Crypto is trading in fear mode, with the Fear & Greed Index flashing ‘extreme fear,’ the Altcoin Season Index at 22/100, and the Average RSI at about 38.”
Bitcoin has bounced to around $66,100, up more than 5% from its earlier dip to $60,000 overnight. Ethereum trades near $1,930 and Solana around $81, both up about 5–6% on the day after steep intraday drops.
Spot Bitcoin ETFs have seen outflows for two days in a row, with 5,900 BTC leaving on Feb. 5 and around 7,200 BTC the day before.

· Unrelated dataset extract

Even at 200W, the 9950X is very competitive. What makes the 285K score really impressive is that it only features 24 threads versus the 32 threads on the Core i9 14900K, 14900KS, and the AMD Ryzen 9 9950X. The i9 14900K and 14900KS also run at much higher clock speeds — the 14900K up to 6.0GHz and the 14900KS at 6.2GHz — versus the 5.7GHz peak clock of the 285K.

IBIT alone lost roughly 7,300 BTC over those sessions, showing investors are de-risking even though ETFs remain a key on-ramp for traditional money.
Commodities
WTI crude trades just above $63 a barrel, slightly higher on the day but still near the bottom of its recent range, while Brent is around $68 after a 1% gain.

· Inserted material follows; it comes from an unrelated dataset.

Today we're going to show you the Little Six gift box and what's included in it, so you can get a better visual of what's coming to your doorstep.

Precious metals are trying to stabilize after a sharp sell-off, with gold recovering about 1.5–2%, reaching $4,900, while silver is up nearly 5%, at $74, after falling to $65.
Stock Market Indices
U.S. stocks remain under pressure, with the S&P 500 down about 1.2%, the Dow down 1.2%, and the Nasdaq lower by 1.6%.

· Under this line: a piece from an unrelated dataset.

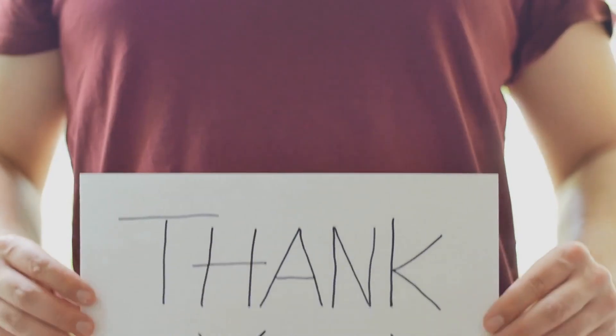If you enjoyed it please share it with your friends and family. Thanks for watching.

Outside the U.S., Japan’s Nikkei 225 stands out, up about 1.7% ahead of Sunday’s election, while the UK’s FTSE 100 is up around 0.6% on support from value and energy stocks.
Geopolitics & Market Sentiment
On the diplomatic front, indirect talks between Iran and the United States in Oman over Tehran’s nuclear program are taking place. However, the large U.S. naval presence in the region keeps markets on edge.
Separately, Washington is pushing for a new, broader arms-control deal after the START treaty expired, aiming to bring China into future talks even as Beijing resists, adding to long-term strategic uncertainty.
On the economic front, the cost of the AI expansion is now a key concern, as big U.S. tech companies plan to spend about $600 billion on AI this year, and that level of spending is making equity investors nervous.
At the same time, weak layoff data and softer risk assets have pushed Fed funds futures to expect about a 20% chance of a March rate cut, up from roughly 10% a day earlier.
Traders are now waiting for upcoming labor and inflation data and are watching whether the AI and crypto sell-off continues.